Diversas atitudes reprováveis que presenciamos rotineiramente também podemos verificar neste reality. Na primeira temporada, por exemplo, um dos participantes dizia que a mulher era a sua versão de saias, no sentido de terem comportamentos idênticos, inclusive de terem tido diversos relacionamentos anteriores. No entanto, quando se tratava dela, a atitude dela era reprovável. Dizia que a mulher era sexo frágil e termina com a pérola: “eu sempre imaginei para mim uma mulher mais tranquilinha, sem tanto passado como eu. Eu não gostaria de me casar com uma mulher que já passou por milhares de homens”. Em um jantar, ela disse que sonhou com uma traição e ele disse não seria traição, seria agregar alguém ao relacionamento. Ela questionou, dizendo que também poderia então agregar. Aí vem outra pérola: “se a mulher for bonita, sim”. Em outras palavras, tudo bem se ela tiver outras experiências dentro do relacionamento, desde que sejam com mulheres e que elas sejam bonitas. Afinal, nas palavras dele, apenas mulheres, já que “nisso” ele era machista: “nenhuma r*la vai entrar no nosso relacionamento”.
Na temporada 3, que já está no ranking de séries mais vistas da semana, um dos participantes inicia uma conversa sobre sexo com uma das mulheres e, logo depois, dizer que não gostou da “ela é um amor de pessoa, mas o jeito dela de falar sobre sexo eu acho muito para frente (…) o sexo tem que ser conversado entre quatro paredes com a minha mulher. Não gostei da forma que ela abordou o sexo. Parando para pensar: pô, é minha mulher… não”.

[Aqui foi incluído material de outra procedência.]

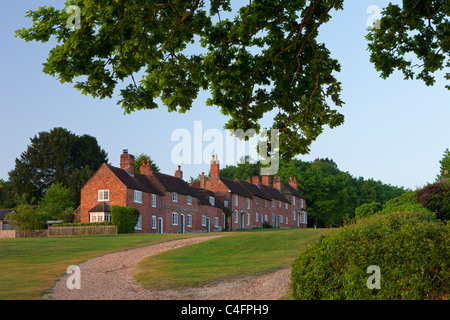 Ferienhäuser in der malerischen Ortschaft Schilde hart am Ufer des Beaulieu River, New Forest National Park, Hampshire, DEU Stockfoto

Infelizmente, ainda é bastante comum vermos comportamentos machistas como estes, que ainda separam as mulheres em “mulher para casar” e “mulher para ficar” e que buscam uma mulher sem voz, “bela, recatada e do lar”. Na década de 1950, havia uma espécie de “guia” para mulheres serem “boas esposas”. Basicamente, elas deveriam servir o homem, esperando-o feliz em casa, maquiada e arrumada, parecendo animada. A mulher boa era a mulher submissa, que, de preferência, pouco ou nada falava. Para se ter uma ideia, uma das “dicas” era “lembre-se: os temas de conversa dele são mais importantes que os seus”. Afinal, a mulher não tinha sequer o direito de questionar o homem, que seria o dono da casa, aquele que provia a família e, portanto, estaria hierarquicamente em posição de superioridade.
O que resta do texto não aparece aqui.